After weeks of testing, we were finally ready to release a first version of our Windows 8 app to our key user. So I created a package and copied all the files on an USB stick to ‘side load’ the application on his machine. After running the Powershell installation script, installing the developer certificate, the moment was finally there. The application started and the main hub was shown.
However the moment, the user started to click around and HttpWebRequests were send out to our backend services, the application failed with the following error message:
Unable to connect to the remote server
An attempt was made to access a socket in a way forbidden by its access permissions
We were clueless why it failed. We tested the application for weeks without any issue. The only difference is that we hosted the backend API somewhere else. Could this cause the issue? We were using a DNS that was mapped differently depending if you connect internally or externally.

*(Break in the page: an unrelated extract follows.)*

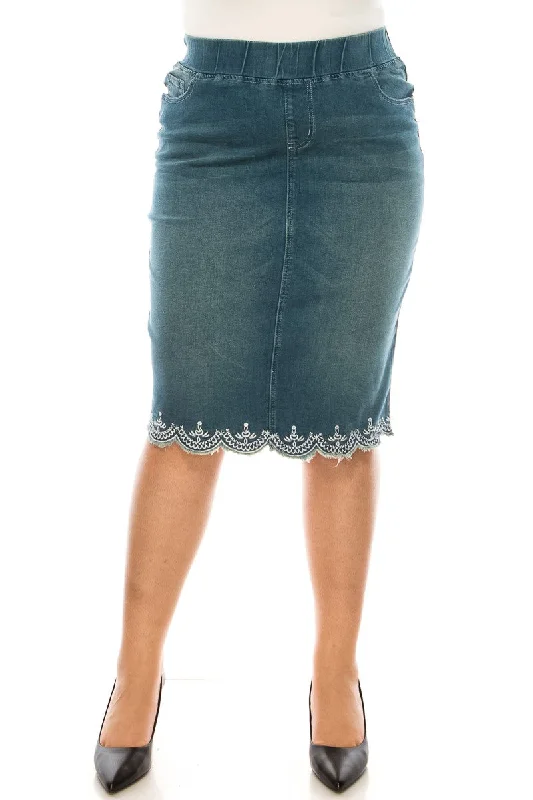 Denim Skirt with Lace Accent 79039X in Vintage Wash slim fit skirt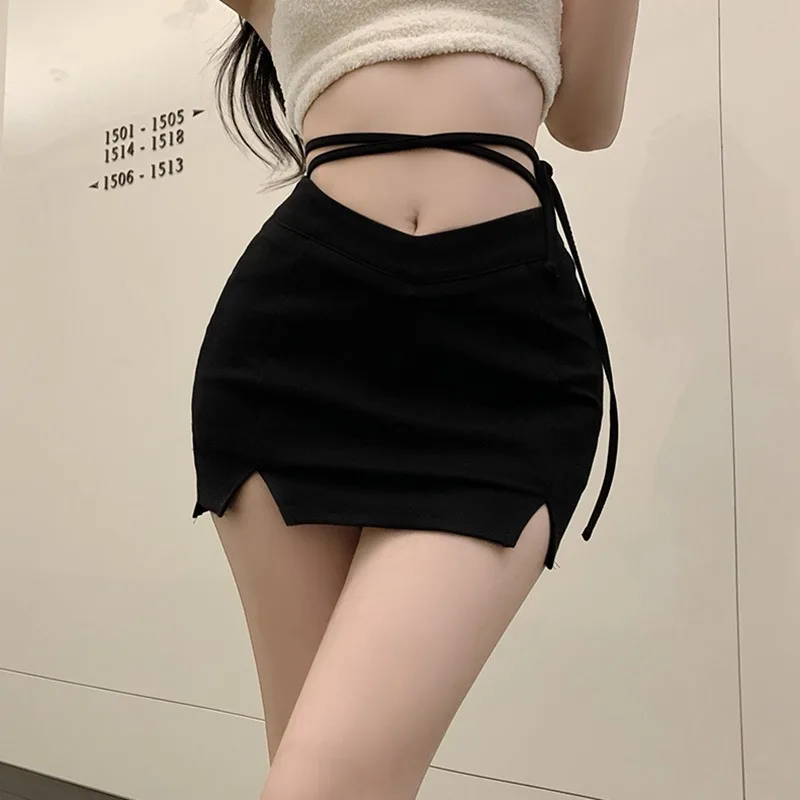 Gen Z Women's K-POP Harajuku Split Mini Skirt: Y2K Streetwear Fashion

The first thing we tried to do, was to add Fiddler into the mix to see what was going on. This made the experience even stranger because suddenly all web calls started to succeed?!
In a desperate attempt, I opened up the Windows 8 manifest and added the capability for Private Networks:
The Private Networks (Client & Server capability provides inbound and outbound access to home and work networks through the firewall. This capability is typically used for games that communicate across the local area network (LAN), and for apps that share data across a variety of local devices. If your app specifies musicLibrary, picturesLibrary, or videosLibrary, you don't need to use this capability to access the corresponding library in a Home Group. Inbound access to critical ports is always blocked. The capability is written in the AppxManifest.xml file as the following code shows:
Afterwards the application worked fine.
Anyone with more insight who can explain why this solved the issue? I’m guessing this is required because the DNS is resolved to an internal network address…
Remark: To validate if my guess was correct, I removed the capability again and this time connected from outside our company network. I started the application and everything was working as expected.